Poster
in
Workshop: Adaptive Foundation Models: Evolving AI for Personalized and Efficient Learning
InvestAlign: Align LLMs with Investor Decision-Making under Herd Behavior
Huisheng Wang · Zhuoshi Pan · Hangjing Zhang · Mingxiao Liu · Yiqing Lin · H. Vicky Zhao
Large Language Models (LLMs) can be leveraged to assist in solving complex investment problems. However, the investment decisions generated by existing LLMs often deviate from real-user data. One method to align LLMs with investor decision-making processes is Supervised Fine-Tuning (SFT), which requires a substantial amount of real-user data that is costly to collect and raises concerns about privacy and security. In this work, we propose InvestAlign, an efficient method that constructs large-scale SFT training datasets based on the theoretical solution to a similar and simpler optimal investment problem, rather than the original complex one.
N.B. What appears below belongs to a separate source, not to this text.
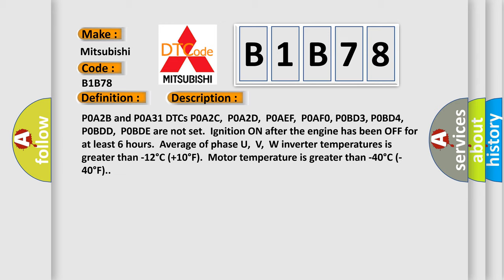Temperature is greater than -12°C (10°F). Motor temperature is greater than -40°C (-40°F).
We theoretically demonstrate that fine-tuning LLMs with these datasets leads to faster parameter convergence compared to using real-user data. By fine-tuning LLMs, we obtain InvestAgents, which align more with real-user data than pre-SFT LLMs in both the simple and original complex problems. This highlights InvestAlign as a promising approach with the potential to address complex optimal investment problems and align LLMs with investor decision-making processes in economics and finance.